*Task details:* Only the number is needed. Please count the lines below in which the word "female" occurs.

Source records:
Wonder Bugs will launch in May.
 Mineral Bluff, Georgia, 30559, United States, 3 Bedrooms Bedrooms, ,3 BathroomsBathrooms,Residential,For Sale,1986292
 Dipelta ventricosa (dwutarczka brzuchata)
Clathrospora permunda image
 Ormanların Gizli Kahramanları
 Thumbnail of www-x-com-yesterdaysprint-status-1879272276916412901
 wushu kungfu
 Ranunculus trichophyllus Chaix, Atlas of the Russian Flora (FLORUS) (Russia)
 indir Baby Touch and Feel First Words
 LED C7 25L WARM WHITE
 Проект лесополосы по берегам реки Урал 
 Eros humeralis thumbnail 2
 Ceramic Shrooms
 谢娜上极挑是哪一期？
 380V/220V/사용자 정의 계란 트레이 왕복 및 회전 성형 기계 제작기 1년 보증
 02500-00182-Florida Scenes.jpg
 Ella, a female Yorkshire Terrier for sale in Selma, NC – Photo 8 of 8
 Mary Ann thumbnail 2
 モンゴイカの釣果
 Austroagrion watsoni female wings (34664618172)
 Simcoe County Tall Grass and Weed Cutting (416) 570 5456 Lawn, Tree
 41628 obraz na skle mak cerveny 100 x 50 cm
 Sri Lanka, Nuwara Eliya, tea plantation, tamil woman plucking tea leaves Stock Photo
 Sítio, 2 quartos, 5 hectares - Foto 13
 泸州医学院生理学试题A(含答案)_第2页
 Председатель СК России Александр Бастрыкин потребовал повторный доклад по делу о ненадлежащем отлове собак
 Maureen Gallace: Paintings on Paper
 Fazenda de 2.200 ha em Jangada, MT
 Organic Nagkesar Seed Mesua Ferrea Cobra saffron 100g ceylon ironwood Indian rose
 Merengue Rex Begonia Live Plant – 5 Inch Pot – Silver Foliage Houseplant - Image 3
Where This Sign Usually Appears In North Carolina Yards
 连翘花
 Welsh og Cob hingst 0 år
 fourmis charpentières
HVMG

*Task result:* 2